Models for macrobenthos and megabenthos were run for spring and fall using all spatial and spatio-temporal random effects, and three catchability covariates: mean predator length at the location, number of predator species at the location, and bottom temperature at the location.

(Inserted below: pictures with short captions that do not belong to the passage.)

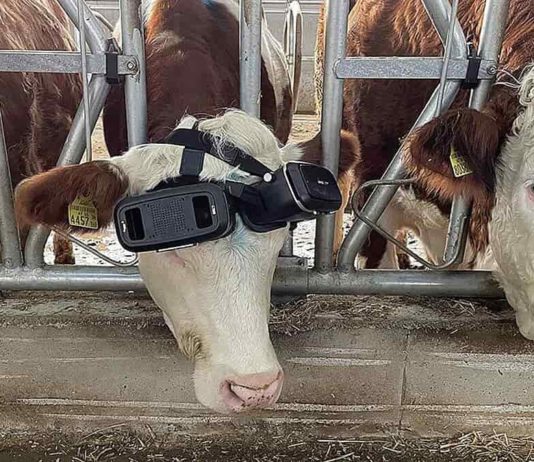 ¿Vacas con gafas de realidad virtual?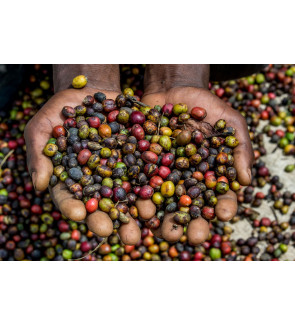 African Blend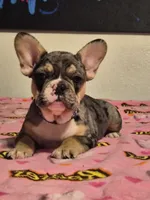 Purple , a female French Bulldog for sale in Modesto, CA – Photo 6 of 9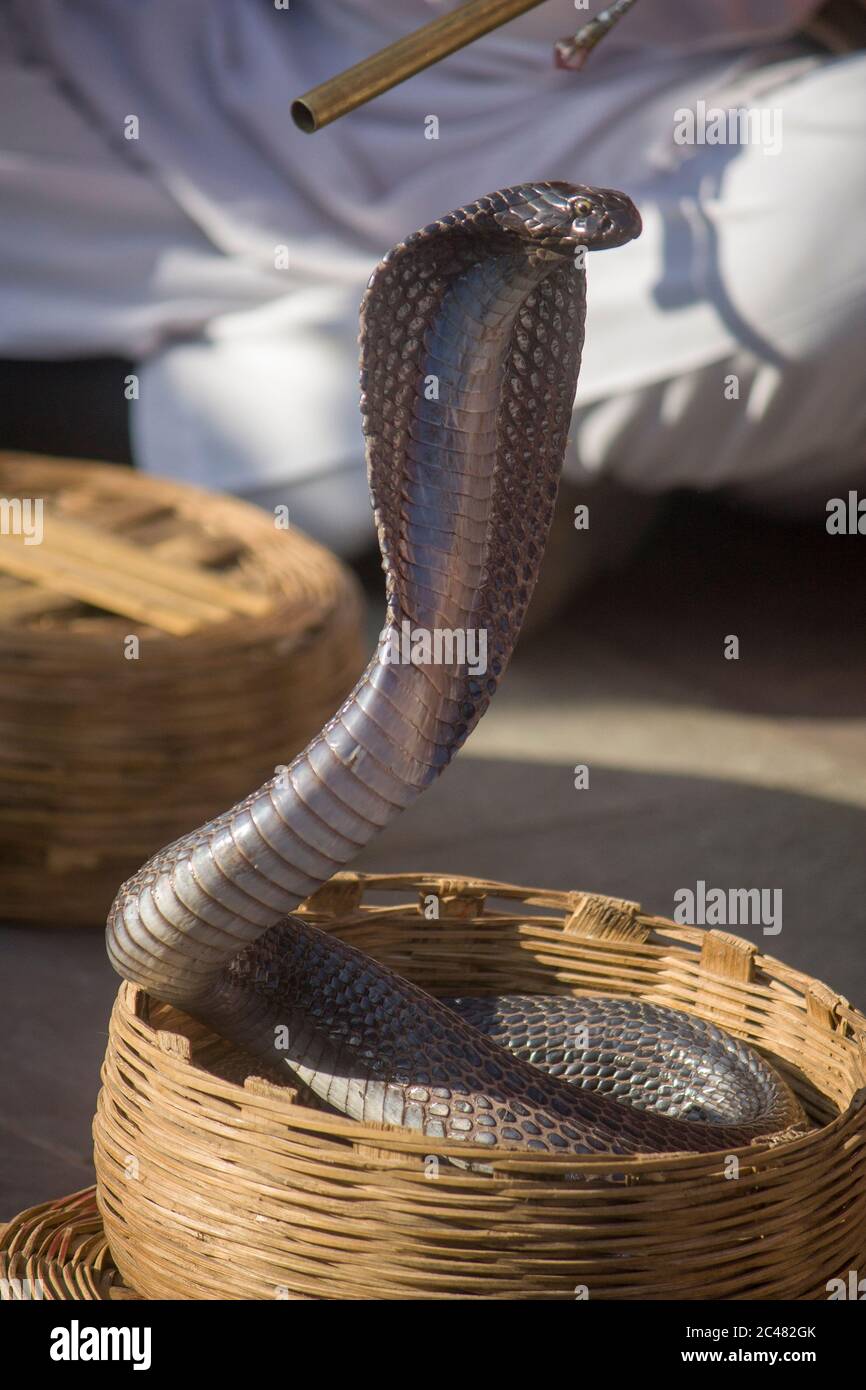 Eine indien Kobra im Korb des Snake Charmer Jaipur Indien. Die indische Kobra wird in der indischen Mythologie und Kultur verehrt. Stockfoto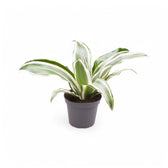 Dracaena fragrans ‘Warneckii’ – Topfpflanze im Kulturtopf vor weißem Hintergrund, Produktfoto 4.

See workflow document for details.
In the table below, Total stations is all stations where benthivore predators were sampled. The fields from Total stomachs through Variance n preds reflect the number of predators sampled at all of these stations. The last four columns reflect the number and percent of stations with positive macrobenthos and megabenthos prey, respectively.

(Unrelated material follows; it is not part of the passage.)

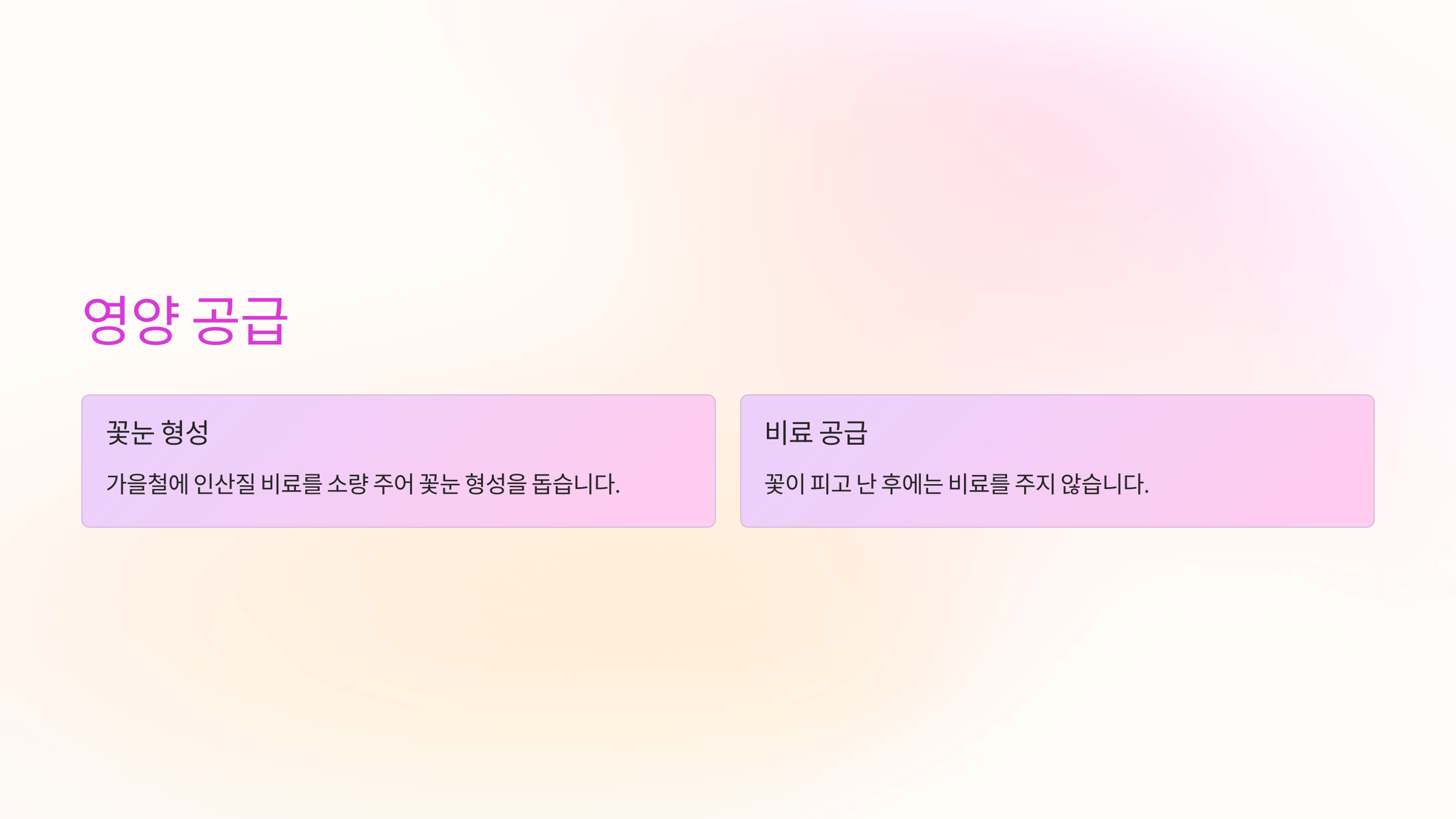 크리스마스 선인장 사진입니다.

Note that we did not use data from 1973-1979 in the models. As of October 2024, we are including data through 2023 from both NEFSC and NEAMAP.
macrobenagg_stn <- readRDS(here::here("fhdata/macrobenagg_stn_all_modBT.rds"))
megabenagg_stn <- readRDS(here::here("fhdata/megabenagg_stn_all_modBT.rds"))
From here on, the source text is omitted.